Be Flexible & Proactive With An Escape Plan

You need an escape plan for every type of emergency, as not all require the same. You should develop a plan for your home and discuss it with your family because emergency calls for flexibility and fast action. Detail every route and how to get there no matter what area of the house you are.

Also, a note to add, putting emergency kits close to evacuation routes, is ideal, and you can grab on the way out. This detailed plan should show everything that is required (highlight the gas, water and electrical switches in different colors, etc.) Once you highlight all escape routes, emergency kit location, switches, and other necessary ems, you need to point a safe area outside where all family members should meet (driveway, lawn, poolside, play area, etc.).

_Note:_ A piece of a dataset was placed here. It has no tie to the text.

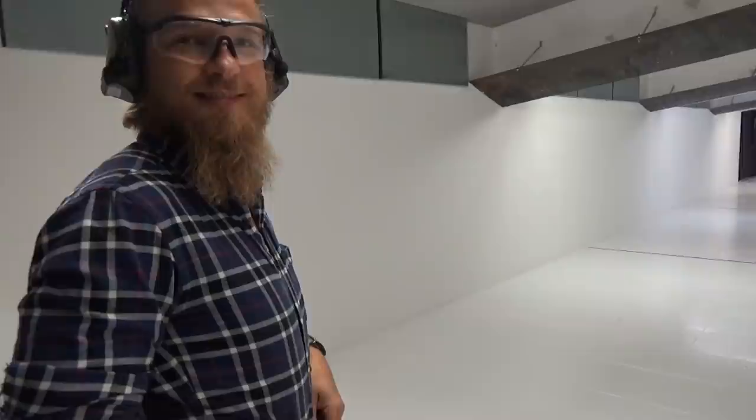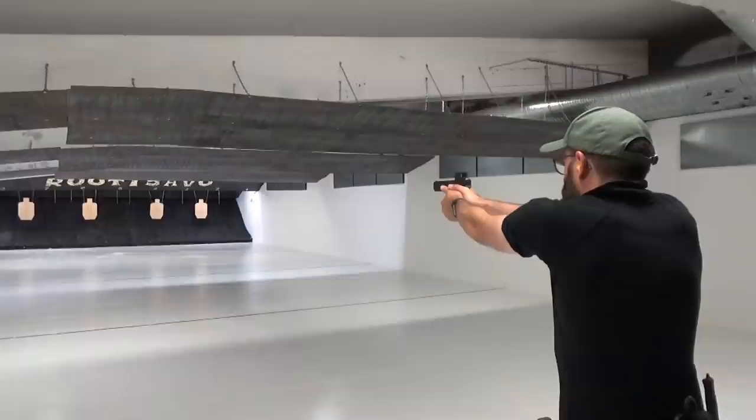Nice. I can see from here they're all in. Nice one. Right — my turn. Now for me to embarrass myself.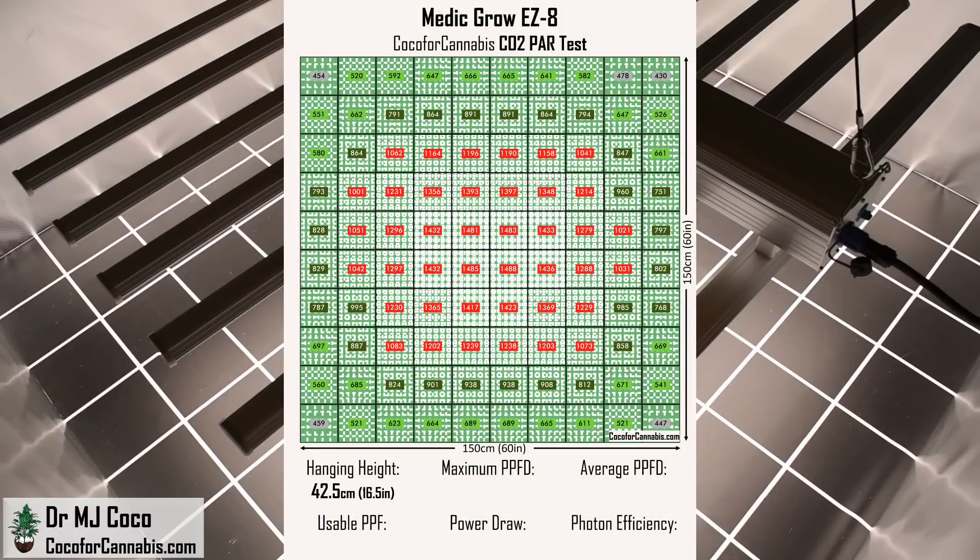The hanging height in this test was 42.5 centimeters, about 16.5 inches above the sensor — the height that produced a maximum PPFD of 1,500 micromoles per square meter. The average PPFD across the canopy is an impressive 939.8 micromoles per square meter. In a 150 by 150 centimeter space, that average equates to a usable PPF of 2,114.5 micromoles — indeed higher than we estimated with the calculator. The power draw during the test was 965 watts, which means the Medigro EZ8 ran with a usable photon efficiency of 2.19 micromoles per watt. Given the purchase price, these are incredible numbers. A lot of home growers don't use supplemental CO2, so without it your plants would be toasted by this much light.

However, the best way to know if everyone understands it is to practice. At least twice per year, one should do a mock emergency evacuation drill.

Your Car

Your car could be a critical tool in case of an emergency, and you have to travel out of the area or even stay put for a while. As such, having a disaster preparedness checklist for this is important! Having a ready kit will go a far way. For this kit, you should have:

  • Battery-powered flashlight and radio (with extra batteries)
  • Blankets and other items of clothing for you and the family
  • Fire Extinguishers (you can research which is best to use)
  • Booster cables
  • First aid kit and medical kit
  • Water and non-perishable foods
  • Spare tire and kit (air pumps, etc.)
  • Charging cables for your phone

Additional Tips To Consider:

  • Prepare pet evacuation
  • Design home with an emergency in mind (strap large appliances to walls or ground, hang picture and glasses away from the bed, store hazardous chemicals in non-leak containers, fasten shelves to prevent falling, etc.)
  • Repair defective wiring and gas leaks
  • Other actions you feel are necessary.

Emergency happens when it sees fit, and though you may prepare, one still has to be on their guard. Last, but certainly not the least, if you have to evacuate, remember to lock your doors as not everyone is up to good while a disaster is on. Stay safe and alive!